▶ Exercise description: Each line of the records has to be copied exactly, though the pictures must be left out.

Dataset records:
----------------

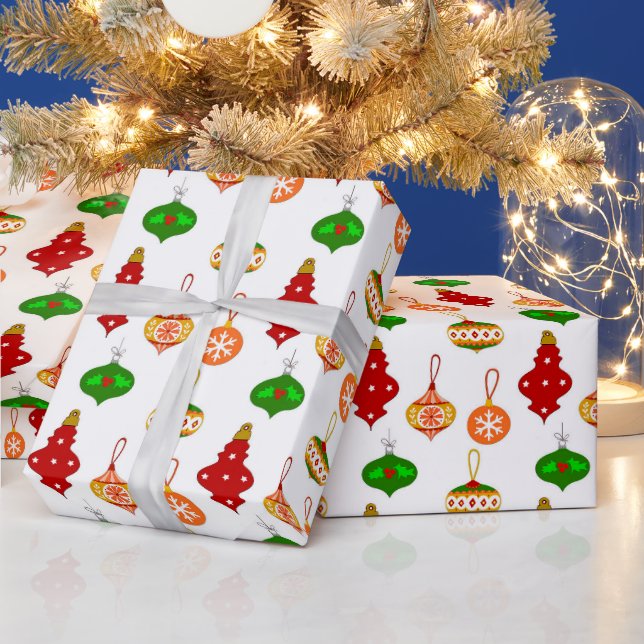 Papel De Regalo Patrón de ornamentos antiguos en rojo, verde y bla (Vacaciones)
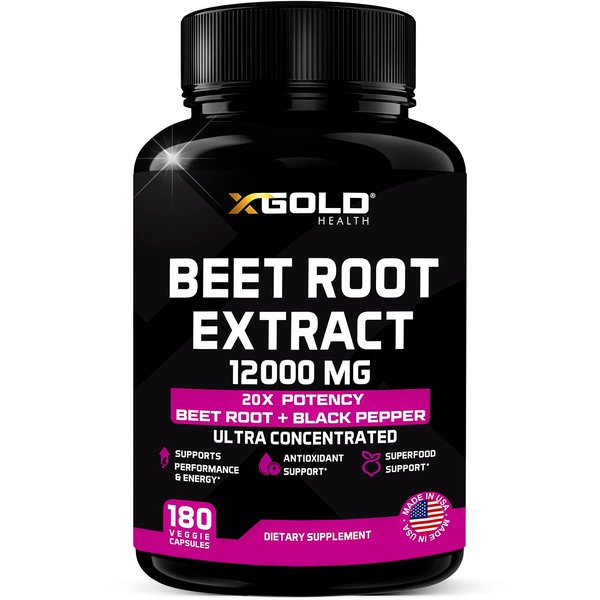 Beet Root Extract Capsules - 12000mg 20x Concentrated Beet Root Capsules Supplement w/Black Pepper - High Nitrates - Natural Nitric Oxide Booster - Highly Concentrated & Bioavailable -180 Veggie Caps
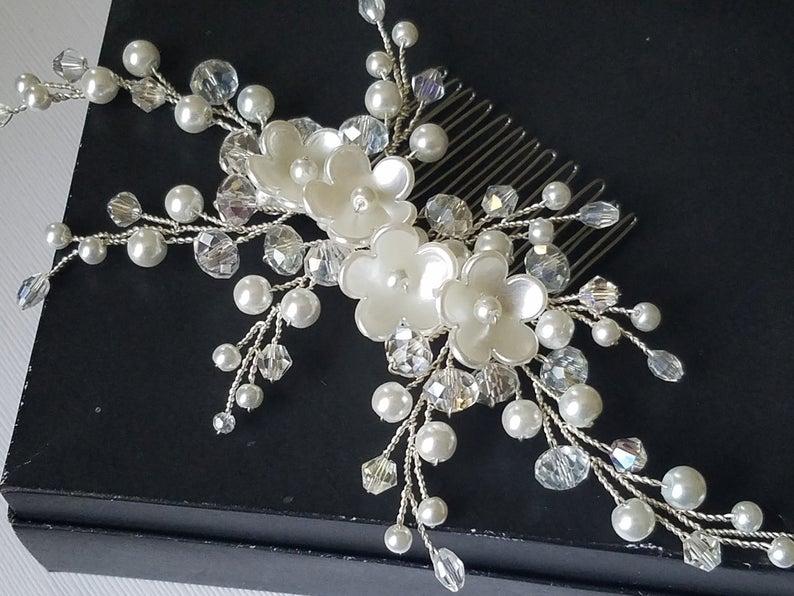 زفاف - Pearl Bridal Hair Comb, Wedding Pearl Crystal Hair Piece, White Pearl Silver Headpiece, Pearl Bridal Hair Jewelry, Pearl Floral Hair Piece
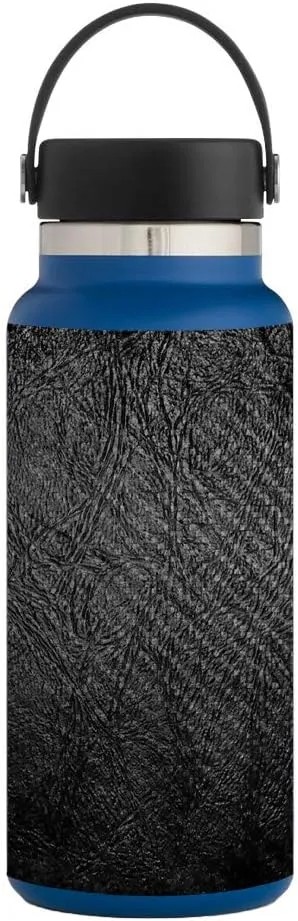 MightySkins Carbon Fiber Skin for Hydro Flask 32 oz. Wide Mouth - Black Leather | Protective, Durable Textured Carbon Fiber Finish | Easy to Apply | Made in The USA
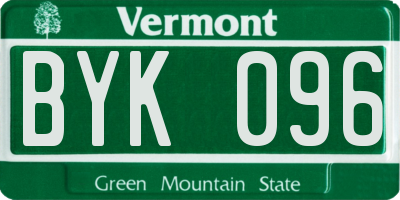 VT license plate BYK096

----------------

▶ Written response:
 Papel De Regalo Patrón de ornamentos antiguos en rojo, verde y bla (Vacaciones)
 Beet Root Extract Capsules - 12000mg 20x Concentrated Beet Root Capsules Supplement w/Black Pepper - High Nitrates - Natural Nitric Oxide Booster - Highly Concentrated & Bioavailable -180 Veggie Caps
 زفاف - Pearl Bridal Hair Comb, Wedding Pearl Crystal Hair Piece, White Pearl Silver Headpiece, Pearl Bridal Hair Jewelry, Pearl Floral Hair Piece
 MightySkins Carbon Fiber Skin for Hydro Flask 32 oz. Wide Mouth - Black Leather | Protective, Durable Textured Carbon Fiber Finish | Easy to Apply | Made in The USA
 VT license plate BYK096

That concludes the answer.